▶ **Directions**:
In the records below, reproduce exactly the lines from the one containing "Two foreign nationals drown in sea" through the one containing "Super Townhouse O", both included, and omit the pictures.

======== Dataset records ========

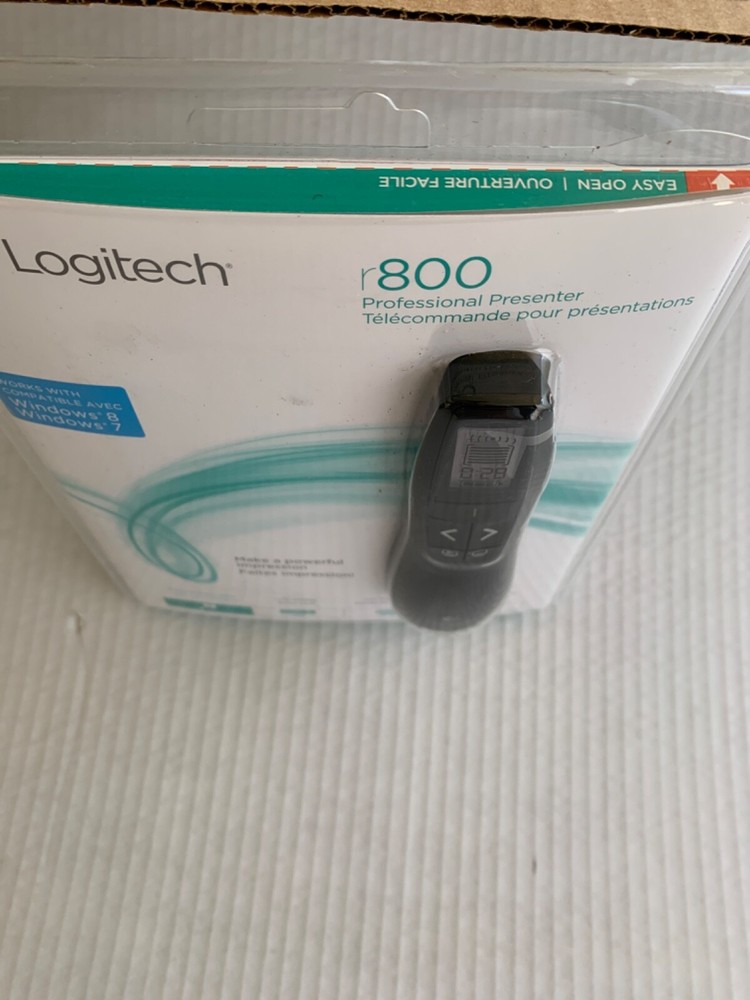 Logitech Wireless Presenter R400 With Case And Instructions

========
======== Dataset records ========

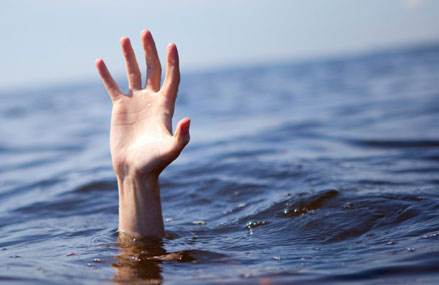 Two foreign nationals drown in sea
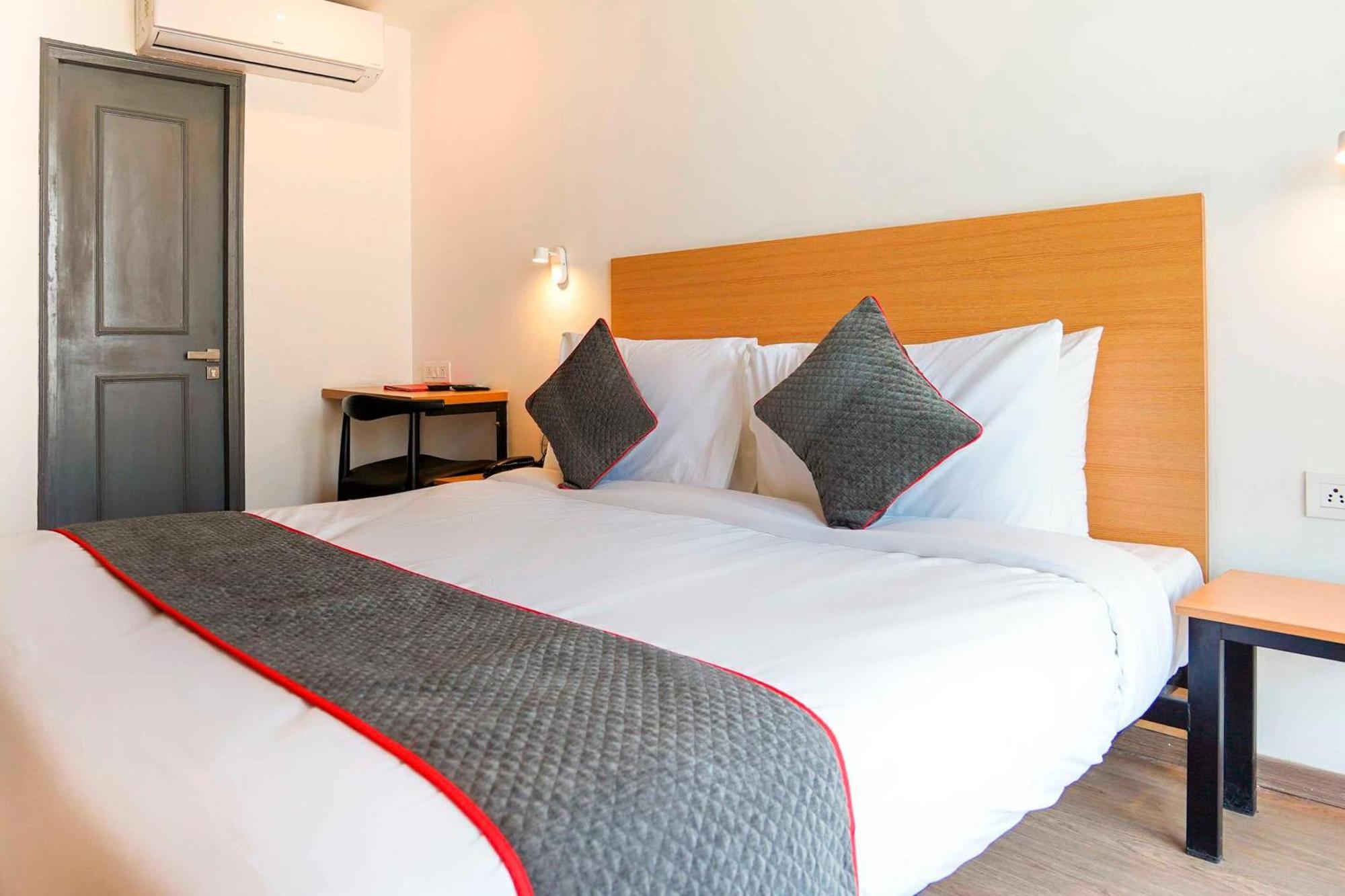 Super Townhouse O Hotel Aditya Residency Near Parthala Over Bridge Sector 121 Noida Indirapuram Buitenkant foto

========

▶ **Final answer**:
 Two foreign nationals drown in sea
 Super Townhouse O Hotel Aditya Residency Near Parthala Over Bridge Sector 121 Noida Indirapuram Buitenkant foto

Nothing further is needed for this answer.